[StableHLO] Port reduce canon patterns (#14045)
Turns out that linalg lowering depends on these.
The code is ported from equivalent folds and rewrite patterns in the
mlir-hlo repo. The only notable difference is that this implementation
fixes bugs with rewrite patterns performing op updates without going
through the pattern rewriter. Also added a new test for the second noop
case.
Fixes: https://github.com/openxla/iree/issues/14042
Issue: https://github.com/openxla/iree/issues/12678
diff --git a/compiler/src/iree/compiler/InputConversion/StableHLO/Preprocessing/Canonicalization.cpp b/compiler/src/iree/compiler/InputConversion/StableHLO/Preprocessing/Canonicalization.cpp
index 3cb8e65..cc72647 100644
--- a/compiler/src/iree/compiler/InputConversion/StableHLO/Preprocessing/Canonicalization.cpp
+++ b/compiler/src/iree/compiler/InputConversion/StableHLO/Preprocessing/Canonicalization.cpp
@@ -694,6 +694,80 @@
}
};
+struct NoopReduceOpCanon final : OpRewritePattern<mlir::stablehlo::ReduceOp> {
+ using OpRewritePattern::OpRewritePattern;
+
+ LogicalResult matchAndRewrite(mlir::stablehlo::ReduceOp op,
+ PatternRewriter &rewriter) const override {
+ // No dimensions to reduce.
+ if (op.getDimensions().empty()) {
+ rewriter.replaceOp(op, op.getInputs());
+ return success();
+ }
+
+ // If all returned values in the ReduceOp region exists outside the
+ // region, replace the ReduceOp with those values.
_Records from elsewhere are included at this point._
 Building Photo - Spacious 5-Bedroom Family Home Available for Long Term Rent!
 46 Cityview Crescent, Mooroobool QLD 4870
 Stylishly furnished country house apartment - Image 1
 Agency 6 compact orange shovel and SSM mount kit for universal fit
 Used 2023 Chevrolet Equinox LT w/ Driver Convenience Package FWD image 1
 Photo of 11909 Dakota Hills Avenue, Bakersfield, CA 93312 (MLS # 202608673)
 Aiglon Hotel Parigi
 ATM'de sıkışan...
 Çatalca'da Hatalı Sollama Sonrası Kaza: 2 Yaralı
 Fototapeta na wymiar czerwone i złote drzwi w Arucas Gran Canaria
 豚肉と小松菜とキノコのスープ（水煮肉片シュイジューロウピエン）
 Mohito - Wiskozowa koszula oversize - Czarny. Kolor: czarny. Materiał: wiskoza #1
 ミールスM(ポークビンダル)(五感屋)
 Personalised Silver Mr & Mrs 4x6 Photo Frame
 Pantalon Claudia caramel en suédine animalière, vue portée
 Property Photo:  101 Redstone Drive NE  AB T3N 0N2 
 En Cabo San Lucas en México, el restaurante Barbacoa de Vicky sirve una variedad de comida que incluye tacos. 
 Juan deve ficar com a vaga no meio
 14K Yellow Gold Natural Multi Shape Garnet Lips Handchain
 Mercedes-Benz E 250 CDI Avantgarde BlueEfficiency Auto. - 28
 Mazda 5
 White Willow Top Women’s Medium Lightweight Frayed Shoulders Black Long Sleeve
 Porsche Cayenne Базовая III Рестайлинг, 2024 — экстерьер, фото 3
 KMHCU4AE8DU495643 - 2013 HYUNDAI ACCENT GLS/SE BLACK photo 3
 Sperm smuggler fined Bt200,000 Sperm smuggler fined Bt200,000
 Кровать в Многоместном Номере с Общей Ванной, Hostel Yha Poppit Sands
+ if (auto retOp = dyn_cast<mlir::stablehlo::ReturnOp>(
+ op.getBody().front().getTerminator())) {
+ Region *retRegion = retOp->getParentRegion();
+ if (llvm::any_of(retOp.getResults(), [retRegion](Value result) {
+ return result.getParentRegion() == retRegion;
+ })) {
+ return failure();
+ }
+
+ rewriter.replaceOp(op, retOp.getResults());
+ return success();
+ }
+
+ return failure();
+ }
+};
+
+struct EmptyReduceOpCanon final : OpRewritePattern<mlir::stablehlo::ReduceOp> {
+ using OpRewritePattern::OpRewritePattern;
+
+ LogicalResult matchAndRewrite(mlir::stablehlo::ReduceOp op,
+ PatternRewriter &rewriter) const override {
+ // We require all reduce shapes to be the same, up to the element types, so
+ // we can just the first operand and the first result as a representative.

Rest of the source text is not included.